Na proposta de alteração à Lei das Finanças Locais aprovada no Conselho de Ministros de 10 de Maio, e que chegou ao Parlamento há cinco dias, o artigo 80º tem agora um aditamento (80º-A) sobre “responsabilidade financeira”, no qual se lê (no número 1) que “nas autarquias locais, a responsabilidade (…) recai sobre o membro do órgão executivo das autarquias locais responsável pela área financeira e sobre o ou os dirigentes responsáveis pela área financeira. No número 2, a proposta refere que podem a responsabilidade pode recair ainda sobre “o membro do órgão executivo das autarquias locais competente em razão da matéria e sobre o ou os respectivos dirigentes”. Mas não sobre os presidentes.
A nuance foi notada pelo Dinheiro Vivo, na sua edição de sexta-feira. O Ministério da Administração Interna emitiu, entretanto, uma nota em que explica o espírito da lei e apelida a lei anterior de “iníqua e de duvidosa constitucionalidade”.
“A proposta (…) estabelece a responsabilização dos autarcas e outros intervenientes em matéria financeira na administração local.
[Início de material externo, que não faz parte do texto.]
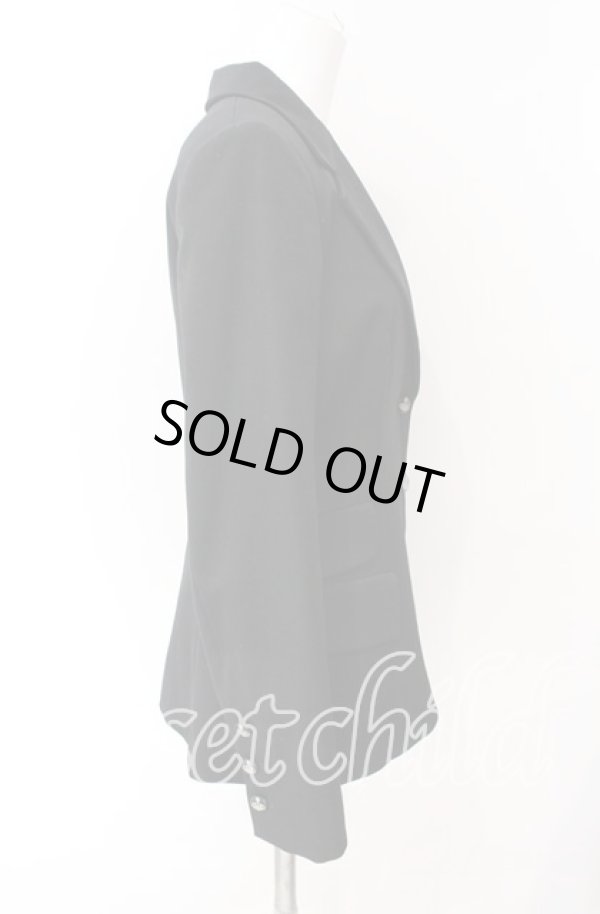 画像3: ヴィヴィアンウエストウッド 中古 / 3Bテーラードジャケット 3 ブラック  O-25-09-21-046-to-YM-OS (3)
Essa responsabilidade é atribuída ao vereador da área financeira, ao director financeiro ou ao vereador que praticou os actos”, clarifica o gabinete de Eduardo Cabrita.
“Substituiu-se assim a lei anterior, que era iníqua e de duvidosa constitucionalidade, ao permitir a responsabilização objectiva e independente de culpa de vereadores sem pelouro ou até da oposição, mesmo que não tivessem qualquer intervenção nos actos”, refere também o comunicado.
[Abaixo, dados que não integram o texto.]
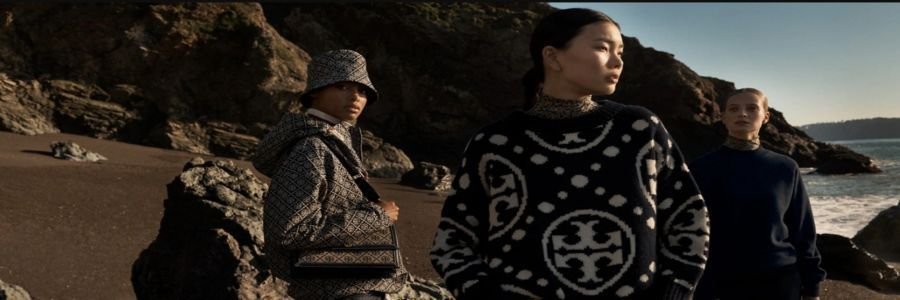 Tory Burch Banner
Já em 2016, o Governo foi acusado de querer incluir na proposta de Orçamento do Estado para 2017 uma norma que tornava impossível exigir aos presentes de câmara o ressarcimento do dano causado ao erário público. Foi o Tribunal de Contas a chamar a atenção para esse artigo. “As alterações propostas ao regime de responsabilidade financeira são suscetíveis de gerar incoerências relativamente ao regime vigente e introduzir discriminações relativas aos responsáveis pela gestão pública. Estas deveriam ser ponderadas num contexto mais vasto”, defendeu o tribunal.
Na altura, o gabinete de Eduardo Cabrita rejeitou as incoerências, adiantando que a norma pretendia “equiparar o regime aplicável aos autarcas locais ao regime em vigor para os titulares de cargos políticos”, conferindo-lhes “responsabilidades idênticas”.
Esta é uma pretensão antiga da Associação Nacional de Municípios Portugueses.